We’re proud to be founder members of the InChI Trust, which supports this critical element in the sharing of chemical compound information.
What does all this mean for ChemSpider?
Because there is an active community supporting InChI who look out for these things, version 1.03 contained some bug fixes which mean that a very small number of the InChIs themselves, only a few dozen out of the whole database, have changed.
- P+–O– bonds and P+–S– are now treated slightly differently. This means that it will be easier to find the exact molecule you’re looking for, regardless of how it’s been drawn. (In principle this will also apply to analogous bonds containing arsenic, selenium, tellurium and antimony, but I can’t see any examples of this in the database.)
- There was a small bug where the InChI generated for a molecule with an azide group in it sometimes varied according to the input drawing. But that doesn’t happen now.
This regeneration has also allowed us to catch and clean up some errors in the data.
What happens next?
Version 1.04 of the InChI code will be released soon. With our new framework for processing large amounts of data we’ll be able to update our InChIs much quicker.
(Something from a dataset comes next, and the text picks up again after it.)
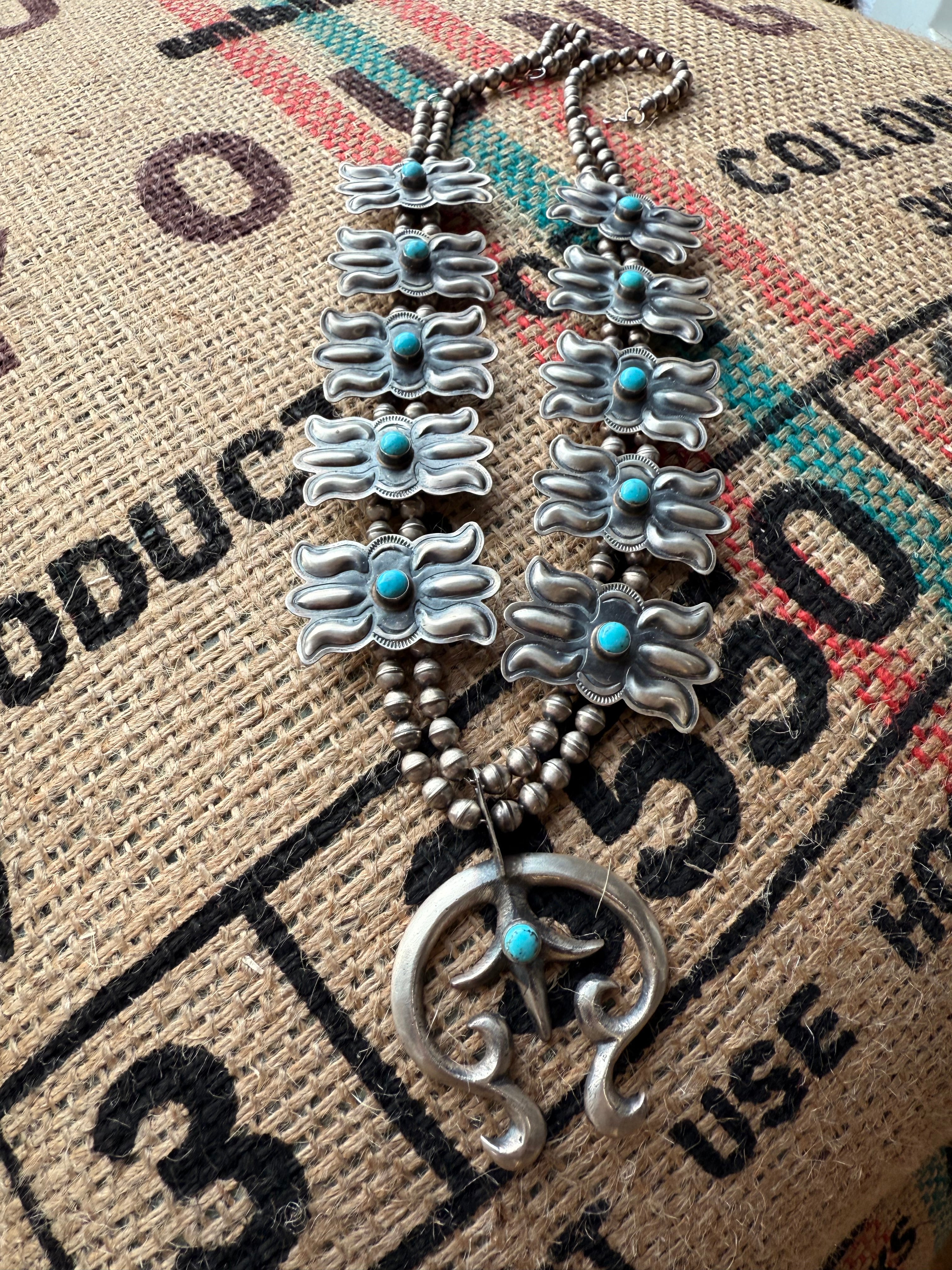 Sterling Silver Navajo Squash Blossom Statement Necklace with Naja Pendant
The main changes in 1.04 that affect the InChI are to how it handles radical atoms in aromatic rings, nobelium, lawrencium and rutherfordium, so we anticipate that there shouldn’t be very many changed InChIs!

Entries (RSS)
August 19th, 2011 at 10:04 am
“If two molecules have the same InChI, then they’re the same record in ChemSpider”
Using what InChI options? Is that based on the Standard InChI, or an InChI with the FixedH option? Or with any of the optional tautomer options?
August 19th, 2011 at 10:19 am
Dear Egon,
Thank you for your swift response.
The non-standard option we use is
RecMet.We certainly don’t use
KETor15Tbecause they’re still only experimental.Best wishes,
Colin.
August 19th, 2011 at 4:35 pm
Dear Colin,
While I totally agree that InChI is the best choice for database registration at the moment, there are some cases where InChI alone might not be enough. I list some of these cases in our blog (blog.mcule.com). Can I ask how you handle protomers with different InChIs for example? Also, do you apply any specific rules to avoid “double-registration” of tautomers due to simple/hard (de)protonation discrepancies?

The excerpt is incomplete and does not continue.